Look carefully at the “Tracking Algorithm” section on pages 7 and 8.

ΔL, ΔR, and ΔS are the changes in rotation of each tracking wheel, where ΔL and ΔR are from the left and right (parallel) wheels.

The only time ΔL is used is in step #5 to calculate the new absolute orientation. (It’s also used in step #7, but that is only to check if the robot has not changed rotation by checking if ΔL == ΔR.) For the rest of the calculations, the document says only to use ΔR to measure how far the robot moved in the forward/backward direction. It could just as well use ΔL, but then it would need to account for the fact that the tracking wheel is in a different place on the robot in step #8 by subtracting s_L instead of adding s_R (if I’m remembering this correctly).

Basically, the algorithm doesn’t really need 3 tracking wheels, it needs 1 to measure forward/backward movement and 1 to measure left/right movement, and something to measure angle change. Because this algorithm was developed before the VEX Inertial Sensor came out, the Pilons opted to measure angle with two parallel wheels instead of the gyroscope.

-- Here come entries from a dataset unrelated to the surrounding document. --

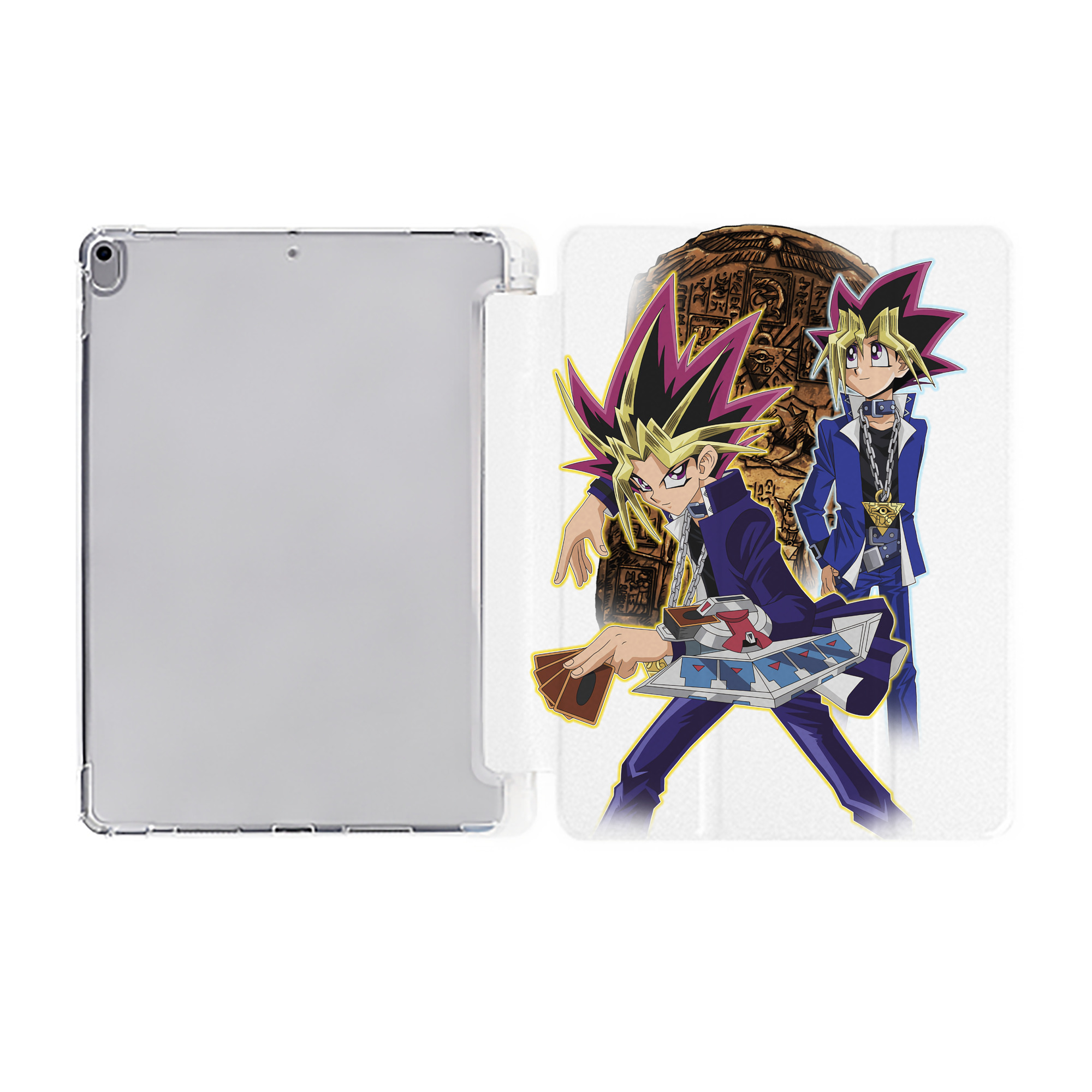 （画像用） 遊☆戯☆王 Yu-Gi-Oh! IPad ケース ペン収納付き 三つ折りスタンド PUレザー×シリコン 対応機種9.5/10.5/10.9インチ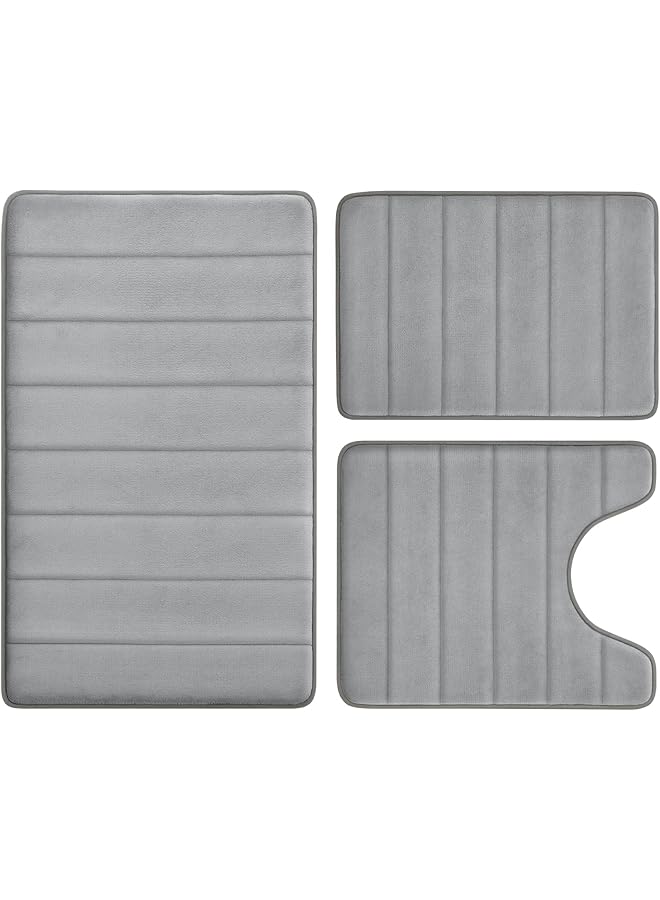 The Bros Bathroom Rug Set Memory Foam Non Slip Extra Soft Absorbent Machine Washable and Dry Pedestal Mat Set for Bathroom Floor Grey 3 Pieces - Image 1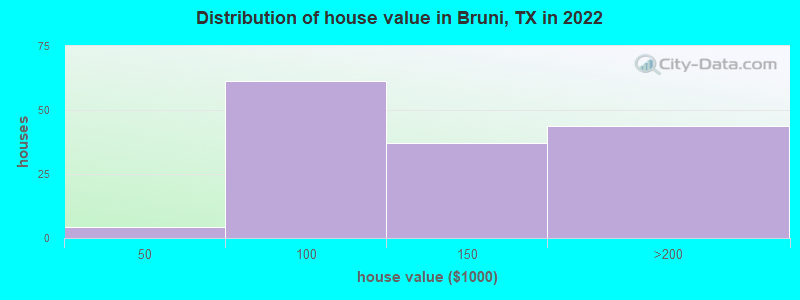 Distribution of house value in Bruni, TX in 2022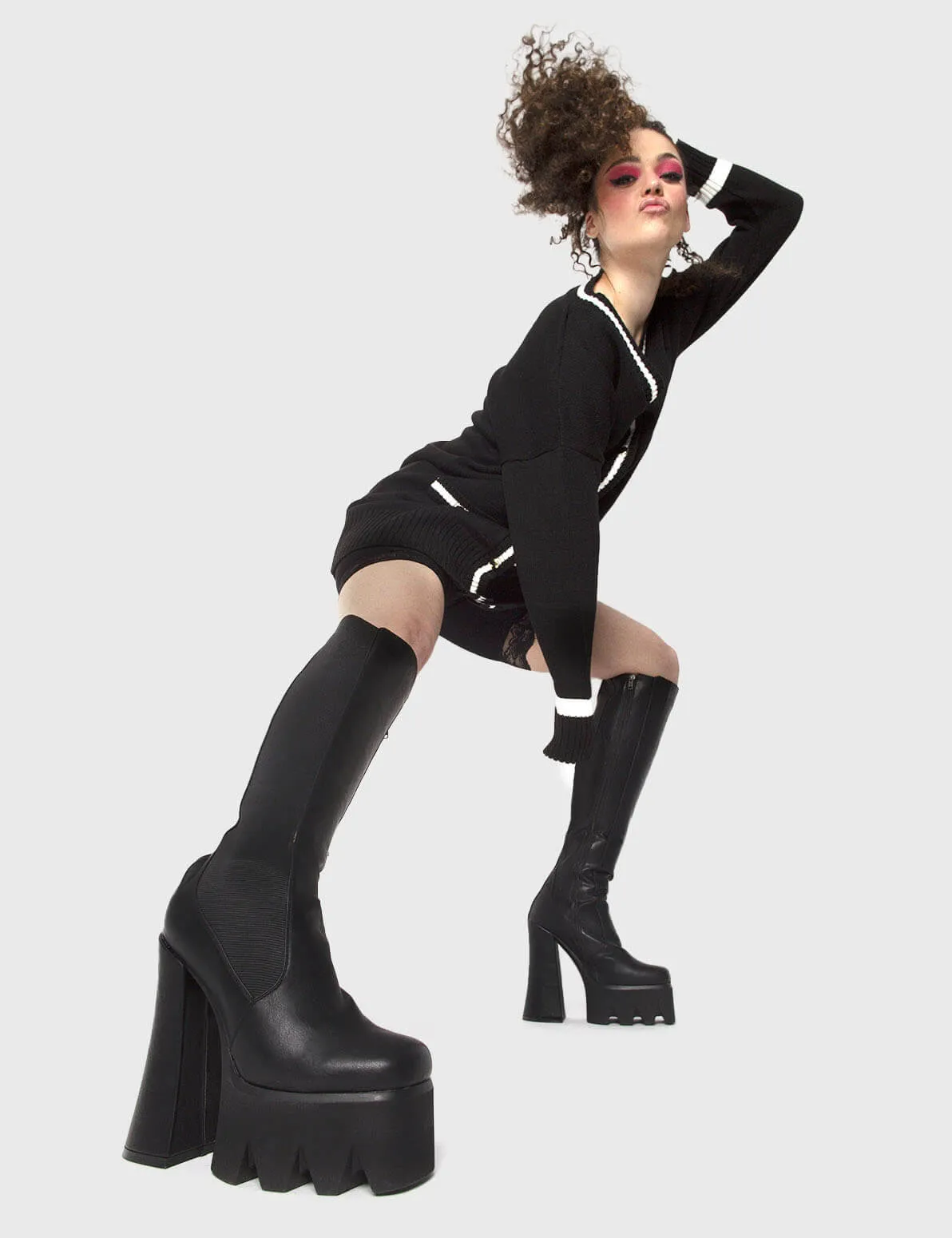 Disco Inferno Platform Knee High Boots sold by Lamoda product image thumbnail 4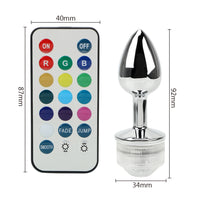 LED Light Metal Anal Plug Stainless Steel Butt Plug Remote Control for Couples Prostate Massager No Vibrator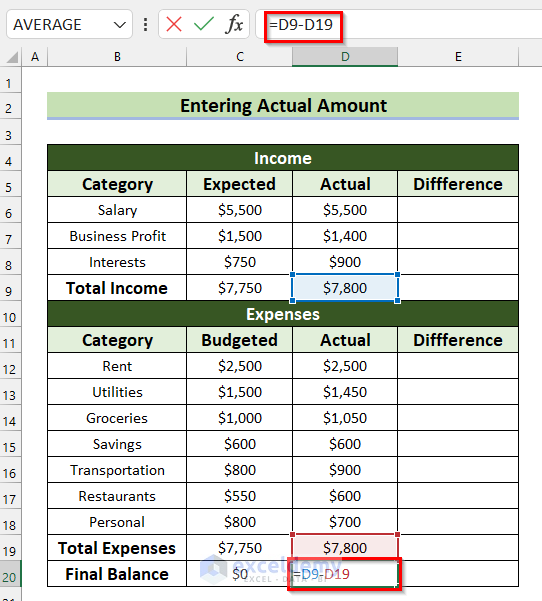 Calculating Final Balance for Actual Amount to Create a Zero Based Budget in Excel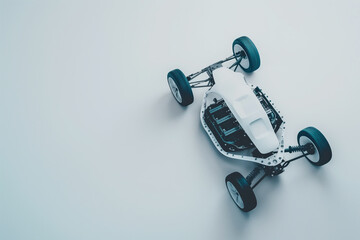 An electric toy car is displayed from above against a white backdrop. - 782244401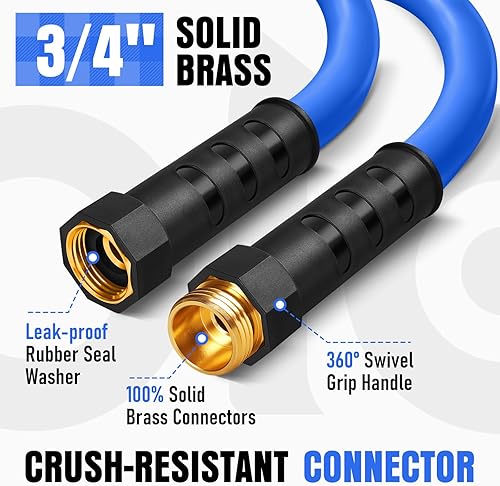 Miniatura 5 de Manguera de jardín resistente de 50 pies, manguera de agua flexible no expandible, manguera híbrida ligera resistente a las torceduras, manguera a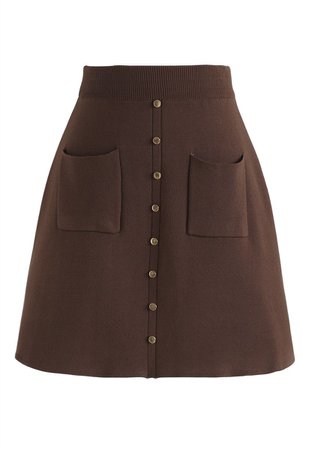 Charm in This Way Mini Knit Skirt in Brown - Retro, Indie and Unique Fashion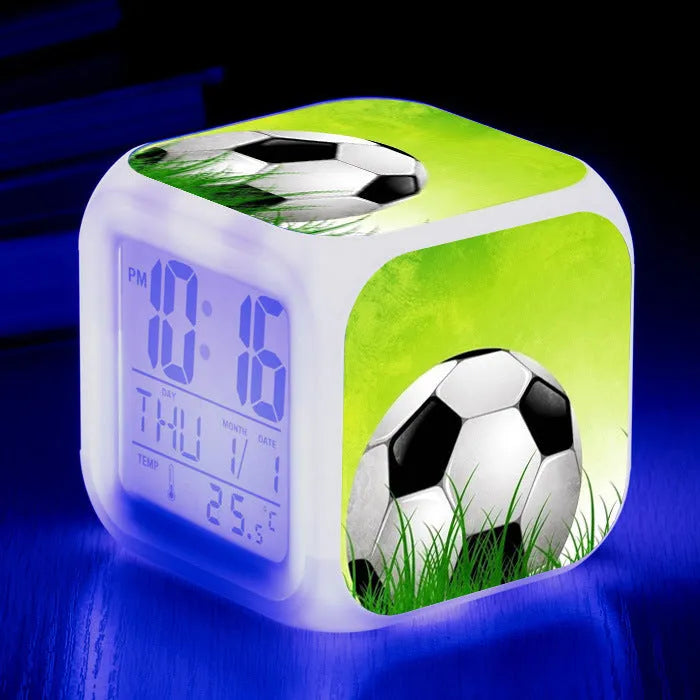Square football pattern alarm clock with plastic casing and cartoon design for student use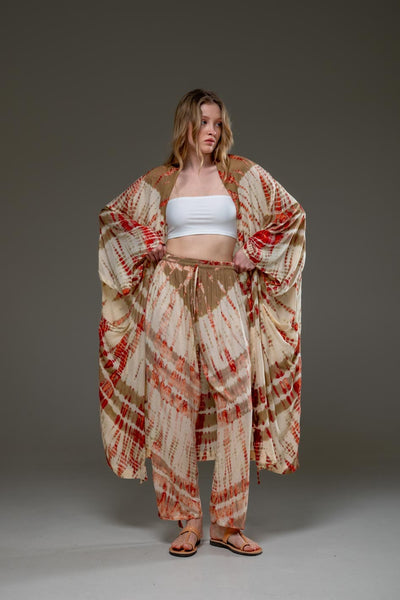 Elegant  Soft  Rayon Beige red artistic tie dye Pant & Long Kimono Set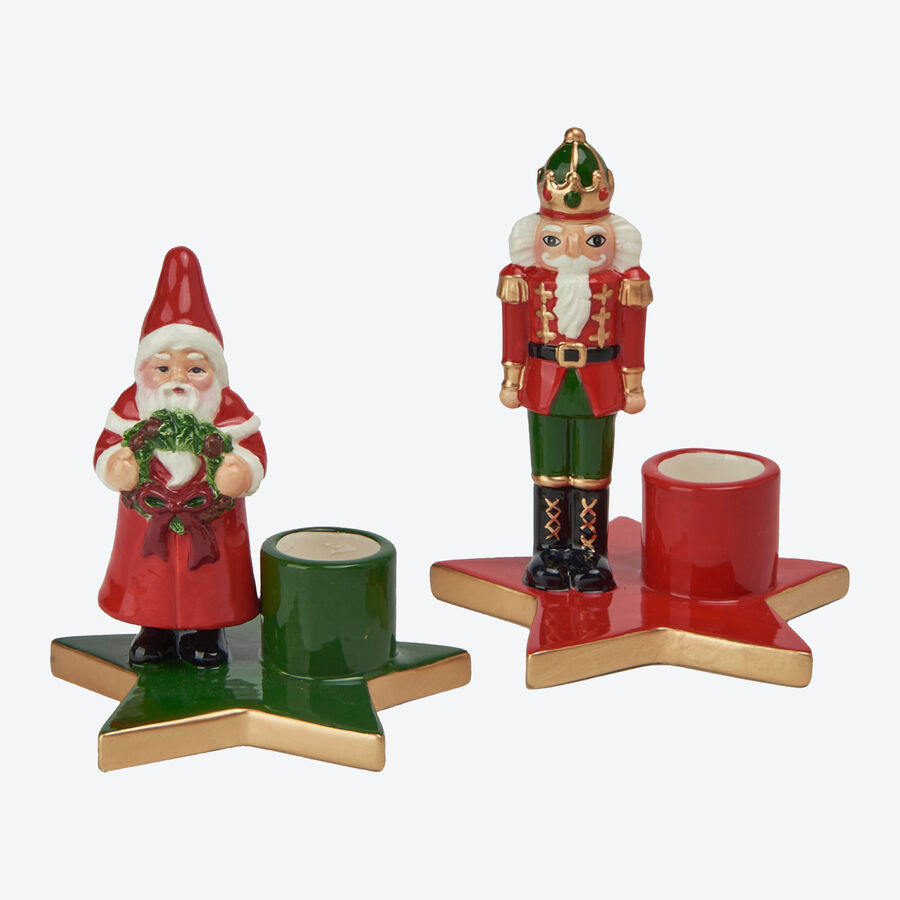 Liebenswertes Kerzenhalter-Set Nussknacker und Weihnachtsmann, Kerzenstnder, Kerzenleuchter, Stabkerze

Now, however, the inertial sensor is a good replacement for the parallel wheels.


It seems that you are explaining why the left tracking wheel is not needed. However, I am trying to make a solution where the back one (ΔS) is not needed, and I only have the 2 parallels as well as inertial. Is this possible? Or can I only do: 1 right wheel, 1 back sideways, and inertial?

It is completely feasible, but you have to make sure that the robot does not move laterally, otherwise your calculations will be wrong.

Is it possible for the vertical tracking wheel to be directly placed in the center of the robot?

Yeah, you can kind of place it wherever you want.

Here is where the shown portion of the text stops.